Admiral Red sits at the bottom of the sea with his submarine, the UX, recording the different acoustic signatures of each ship in the PKN fleet. Using this knowledge, they track down the fleet’s commencement ceremony and openly challenge the gathering with their pressence. The command structure of the fleet quickly breaks down into bickering over who will lead as the UX dives for an attack run. In moments, the fleet suffers heavy casualties as the UX cuts through the tightly packed ships. With knowledge of how to take down the Apollo-Norm, Admiral Red orders the launch of an Excalibur torpedo at the flagship’s reactor exhaust port. As the torpedo closes in on its target, the 707 rises just in time to sacrifice itself to protect the flagship. Admiral Red pulls back the UX with the personal note to even the score with the 707.
Six months pass as Youhei enjoys relaxing with his family at home when Hayato Nango stops by. The fleet has built a new 707 ship that Captain Hayami is more than happy to take command of. Updated with newer technology, the 707 once again joins the PKN’s mission to track down the USR terrorist group. Knowing that Admiral Red has a debt to settle with the 707, they invite her to join another gathering of the PKN fleet with the hopes to lure out the UX. Meanwhile, the ever-growing egos of the United States and their brand new sub, the Great Guardian, seek to lead the fleet by sinking the UX. The Commedore is given a grand tour of what the vessel can do and is introduced to the secret weapon of the US-built ship: an electronic brain named Arnold-B. Unfortunately for the US, the UX carries its own identical superbrain computer. Egos tarnished and the fleet once again in ruin, the 707 engages the USR forces alone to stop the terrorist group and save their own lives.

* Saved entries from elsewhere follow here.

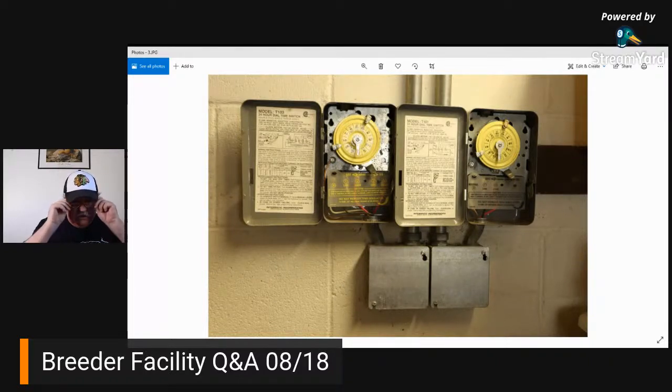What lines of gargoyle geckos do you breed? You can go to our website and look at our collections page to see the crested and gargoyle lines we breed. Real quick: we breed Dalmatians, Reds, Red Harleys, High Harleys, Mochas, Pinstripes — I'm sure I'm forgetting a couple. There are a few others in there too.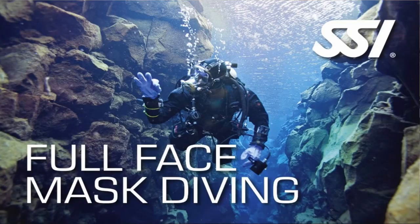What's up guys, it's Brian again from Lake Hickory Schooner Marine. Today we're going to talk about the full face mask specialty diver certification. If you've ever wanted to use a full face mask, there are several things that you need to understand.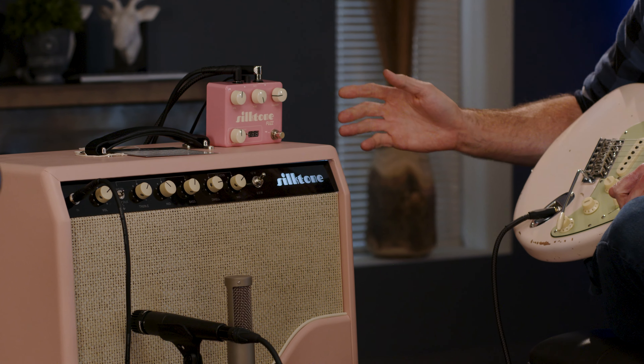You can hear the gain kicking in. Scooped it still sounds pretty good — I'm incrementally turning it up, now about halfway, now all the way. I'll kick in just a skosh of the tube screamer — gain at about nine o'clock, tone straight up in the middle. It kind of tightens up the low end.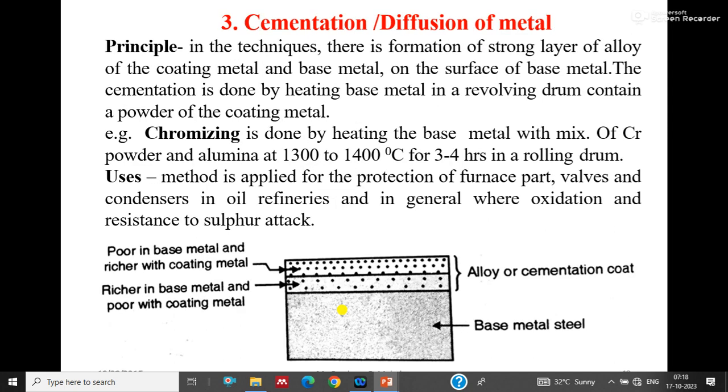Next is cementation or diffusion coating, where the coating metal is diffused into the base metal. The principle is that a strong alloy layer of the coating metal and base metal is formed on the surface of the base metal. Cementation is done by heating the base metal in a revolving drum containing a powder of the coating metal, at a set temperature for a certain period of time.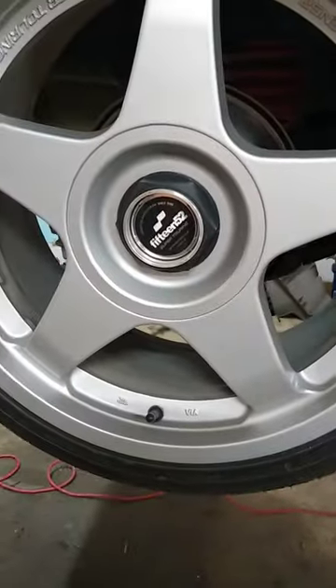I want to show you guys a trick for getting off these caps on these 1552 wheels. First of all, you got to have the cap tool, obviously. List them up — they should never be too, too tight anyway. I'm going to take those off of there. Like this cap is stuck, like a lot of them are stuck.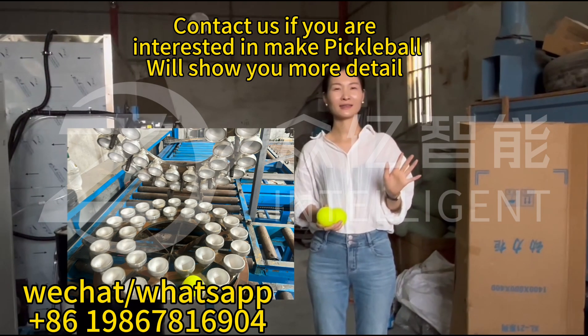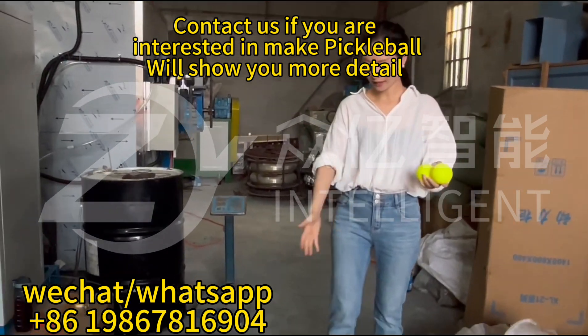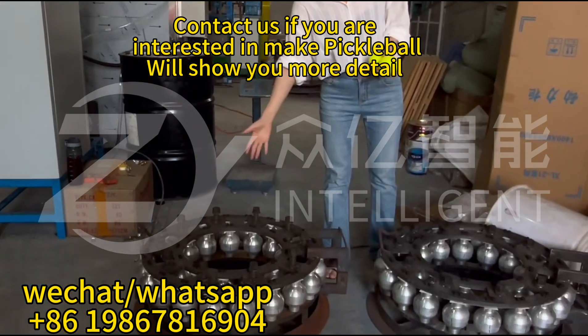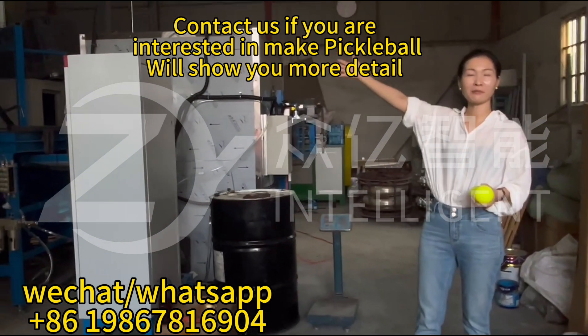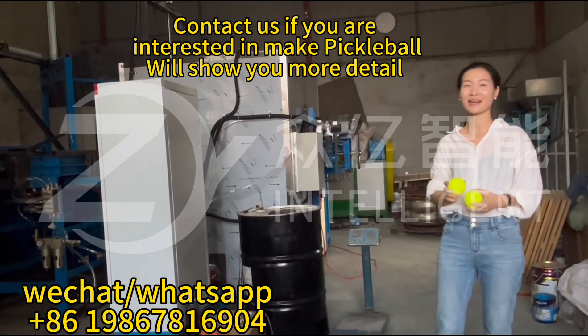Today we come for fixing the pickleball production. This one is called the pickleball for lemon. We'll go for the machine for fixing. Let me show you how to produce the pickleball.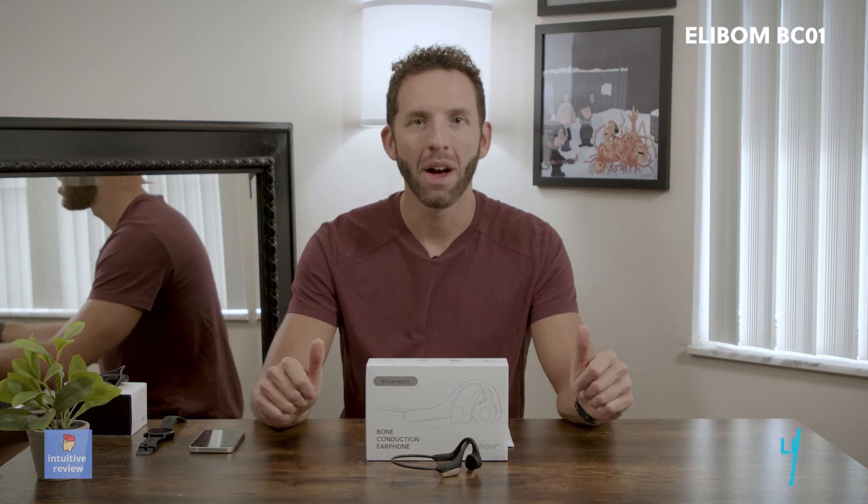A company like Shokz is a lot better. They're almost double the price — the entry-level point for them is about $80, and the higher end is about $150. And it's like night and day, honestly.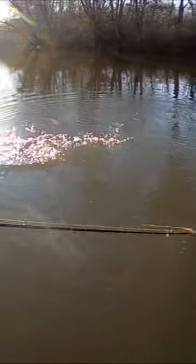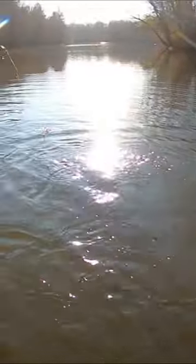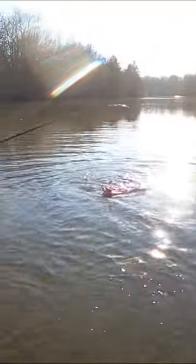Bass on. Oh, it's a big bass. This is a big bass. Now we're talking. And again, not what we're here for — we're here for the pickerel. But this is a nice bass to put on the board.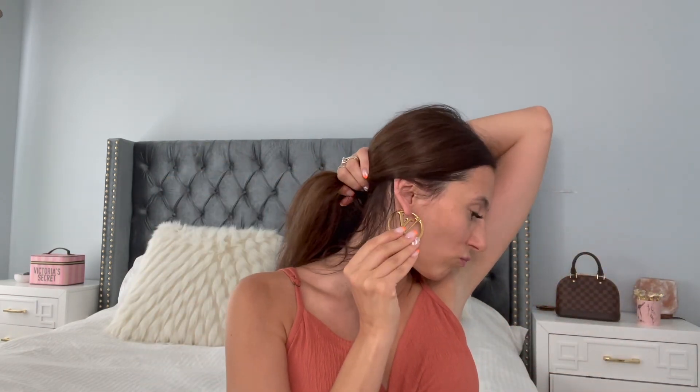Thank you so much for watching — please subscribe and like my videos. My next video is coming up in a few days: I did an unboxing of a bag from Fashion Phile that I really wanted, but when I opened it I didn't think it was in excellent condition, so I sent it back — it's a Louis Vuitton bag. I also have a video comparing my YSL wallet and my Chanel 19 wallet, and another one recommending my top five bags and all the bags I've sold and why. Please subscribe and let me know what you think about these earrings — bye guys!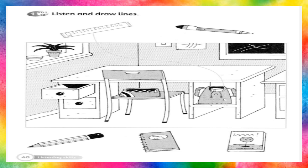Put the ruler in the bag. Sorry? Put the ruler in the bag. OK.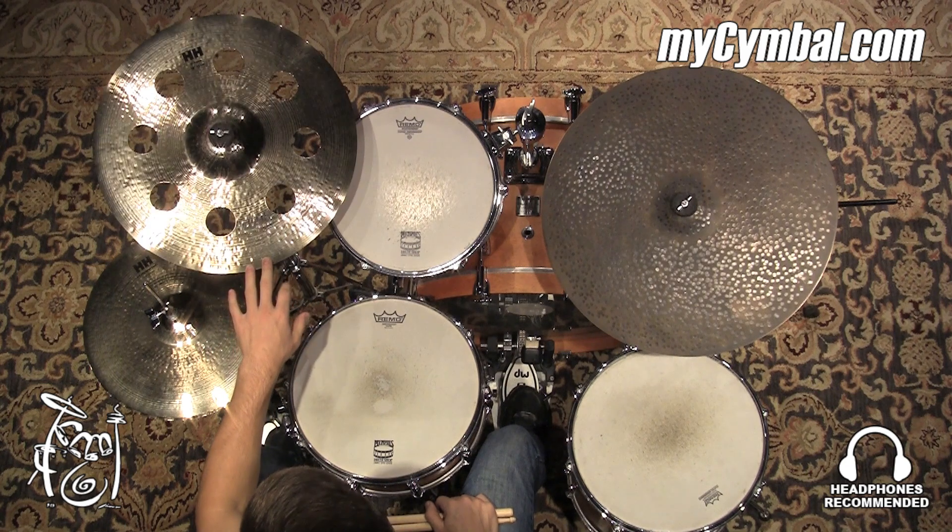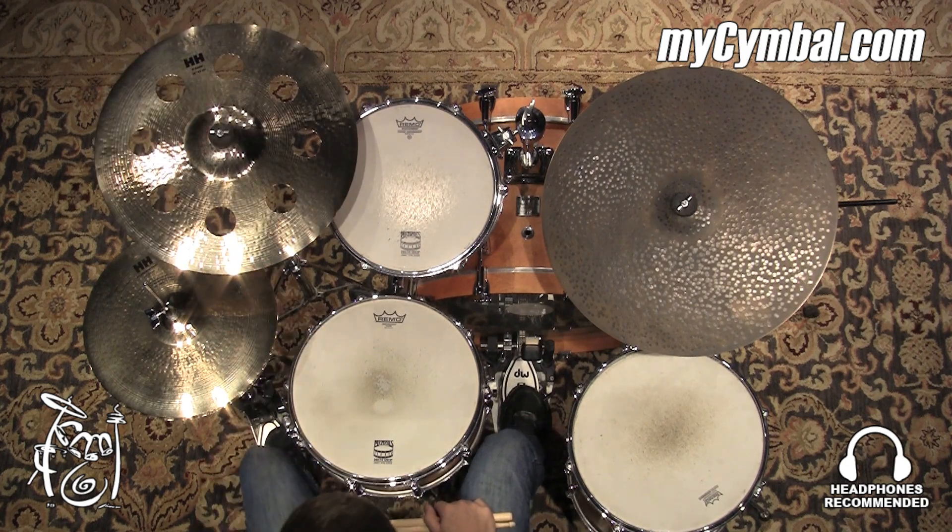You can get this exact Ozone crash only at mysymbol.com.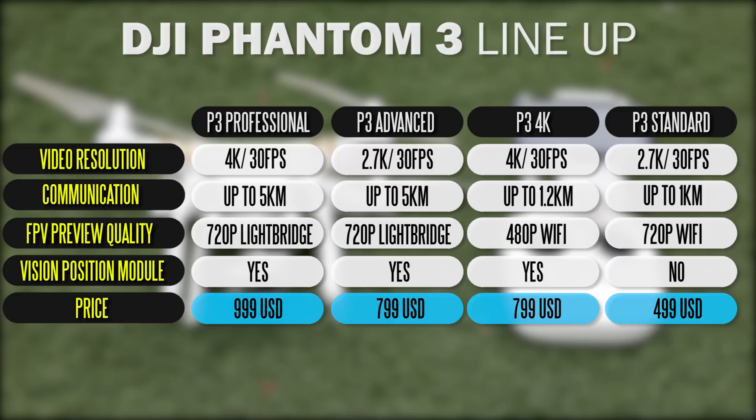On the upper end of the spectrum, with the Professional, you have everything included — 4K video, Lightbridge technology, and the vision positioning system.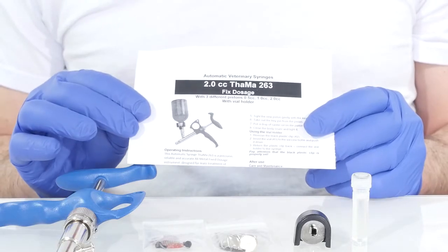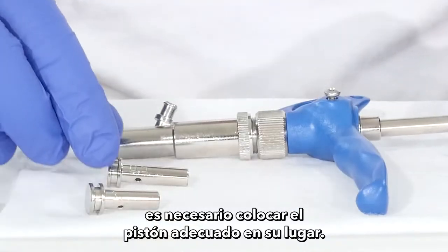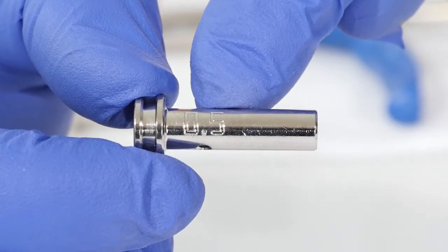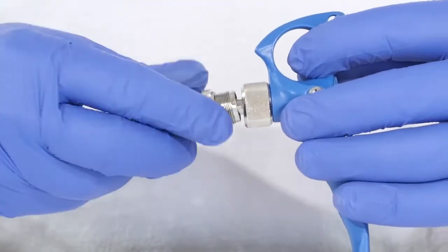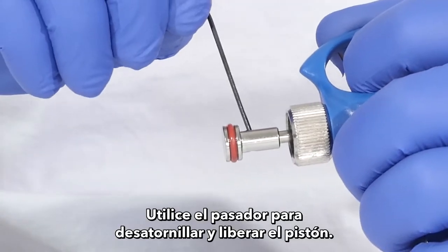Setting the dose: in order to set the dosage, you need to put the proper piston in place. Each piston is marked with its size. Open the syringe, then use the key pin to unscrew and release the piston.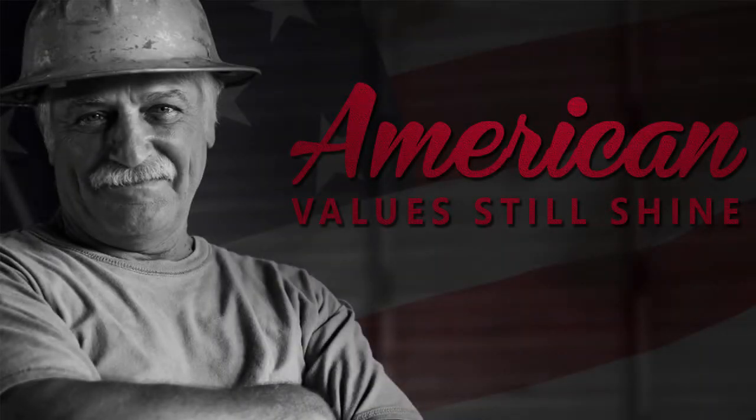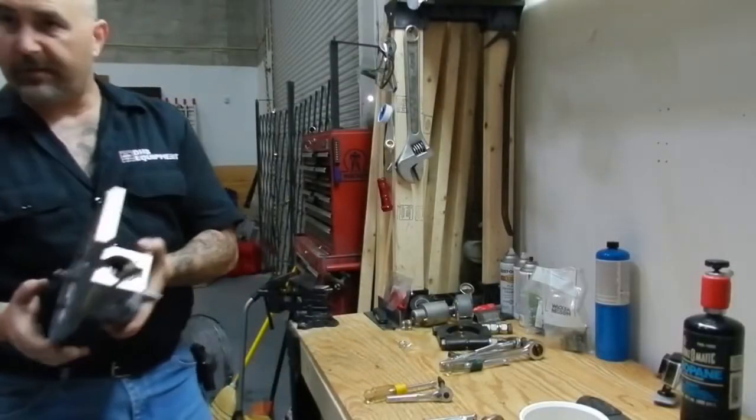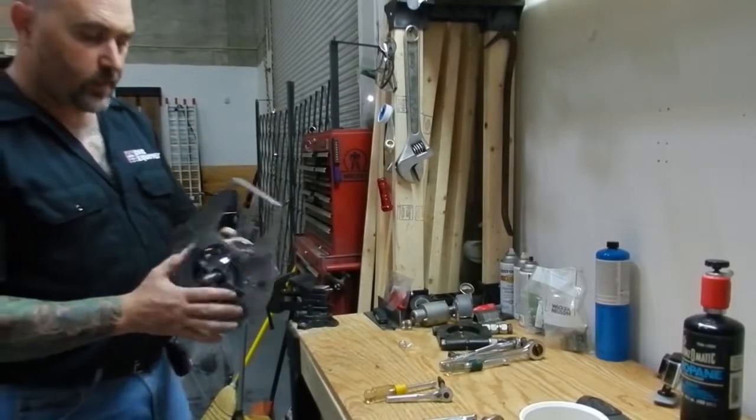DHSEquipmentCar.com. Now that we've got our block off of our jig, we're going to go ahead and split the cases.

Submarine 707R: The Movie features a good cast on both audio tracks. The 5.1 audio for the Japanese and English dubs bring to life the submarine tale with Bang Zoom! Entertainment commanding the English production. Dave Wittenberg doubles as script writer and voice director with good results. The script has been bumped with subtle changes to be more realistic in places and to make it more in-tune with a Hollywood-style submarine film. Often the results go over well. The two standout performances naturally come from the dueling captains of Hayami (Michael Sorich) and Red (Taylor Henry) who seem to enjoy the playful nature of a laid-back captain versus a revolutionary. Some of the background characters can seem pretty generic, but overall you will be paying more attention to the two personalities leading the OVA series.
Submarine 707R: The Movie has been released in two different flavors, depending on your budget. We have a movie-only DVD and a two-disc release that has some background featurettes on the making of the 3D submarines. Unless you are really cheap, just spring for the two-disc version that isn’t that much more going by retail store prices. The video is clean with an anamorphic transfer for widescreens TV’s and there are no issues with the subtitle track. The story of 707R is worthy of sitting down with and enjoying. Submarine tales do not come over to the US too often and the combination of good writing with great animation makes Submarine 707R an easy purchase.